**RECORDS FOR THE TASK:**
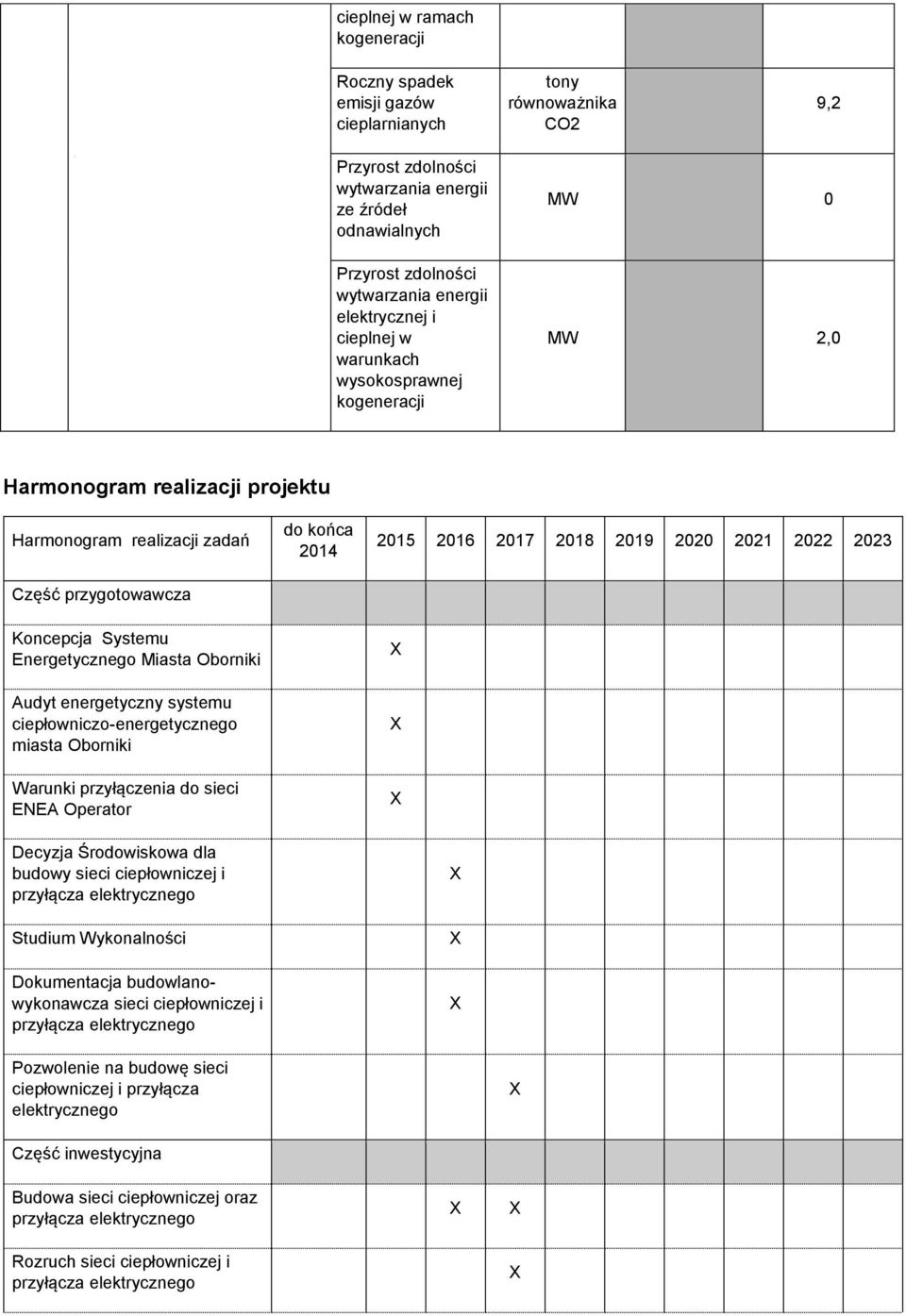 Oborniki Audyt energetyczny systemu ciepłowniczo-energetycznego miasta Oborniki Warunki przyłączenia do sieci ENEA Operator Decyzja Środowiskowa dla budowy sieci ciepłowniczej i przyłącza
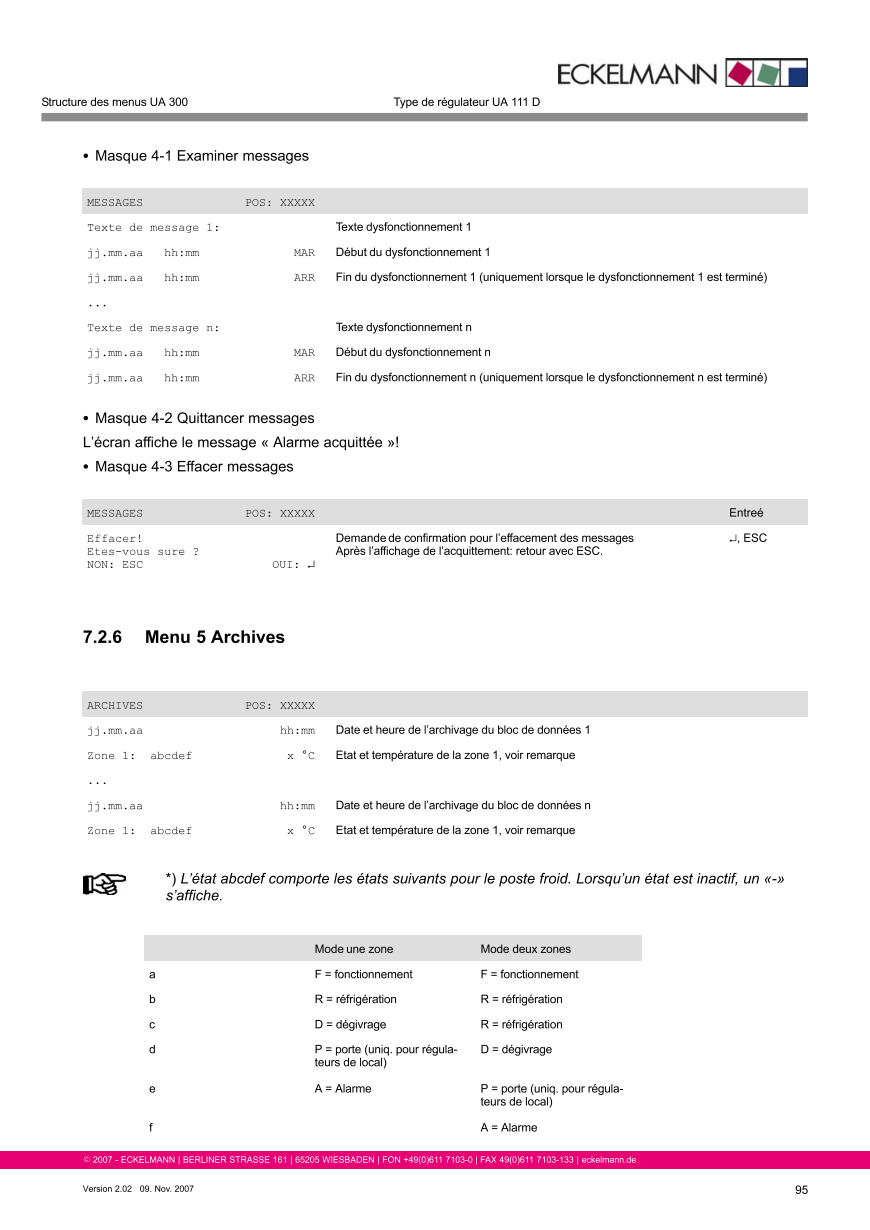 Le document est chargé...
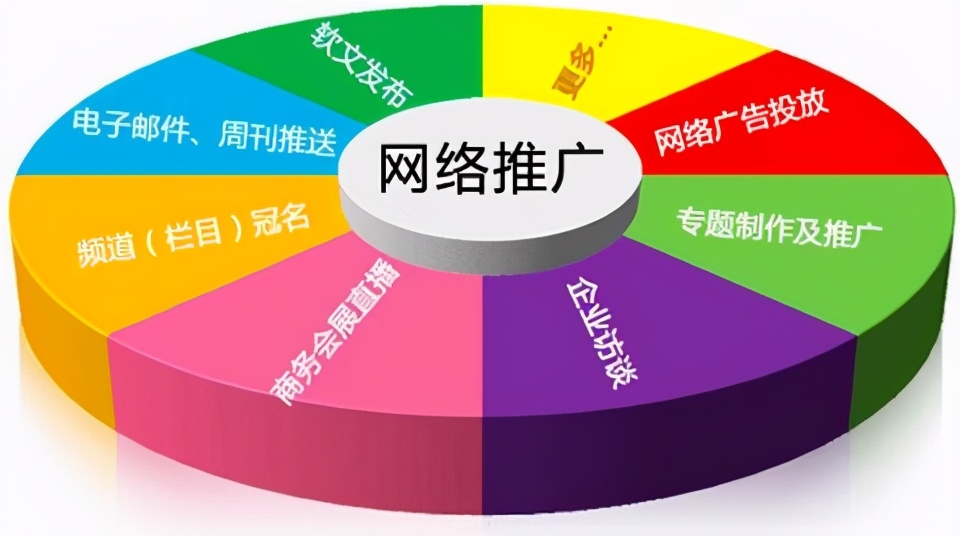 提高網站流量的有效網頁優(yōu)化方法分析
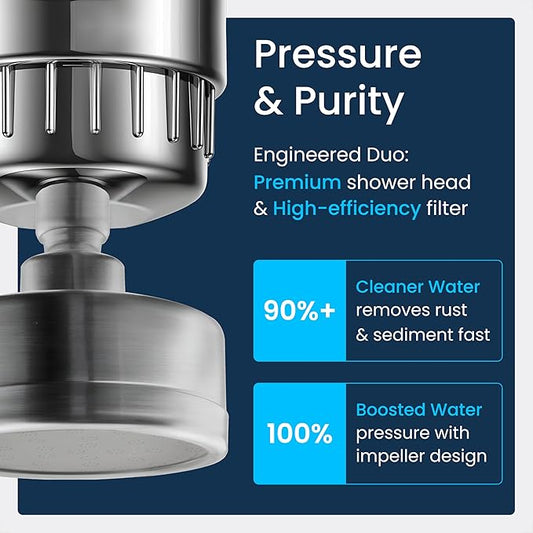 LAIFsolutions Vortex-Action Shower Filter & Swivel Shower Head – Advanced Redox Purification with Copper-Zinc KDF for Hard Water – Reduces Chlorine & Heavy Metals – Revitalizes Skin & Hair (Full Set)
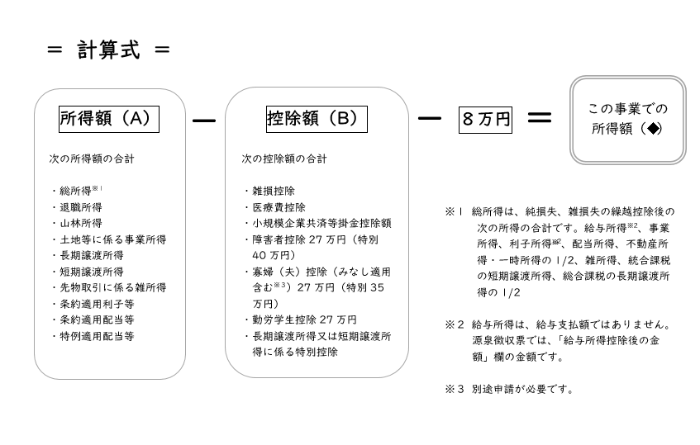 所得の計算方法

**EXERCISE:**
All records must be output exactly as they are, except for the pictures, which are left out.

**SOLUTION TO THIS TASK:**
 Oborniki Audyt energetyczny systemu ciepłowniczo-energetycznego miasta Oborniki Warunki przyłączenia do sieci ENEA Operator Decyzja Środowiskowa dla budowy sieci ciepłowniczej i przyłącza
 Le document est chargé...
 提高網站流量的有效網頁優(yōu)化方法分析
 LAIFsolutions Vortex-Action Shower Filter & Swivel Shower Head – Advanced Redox Purification with Copper-Zinc KDF for Hard Water – Reduces Chlorine & Heavy Metals – Revitalizes Skin & Hair (Full Set)
 所得の計算方法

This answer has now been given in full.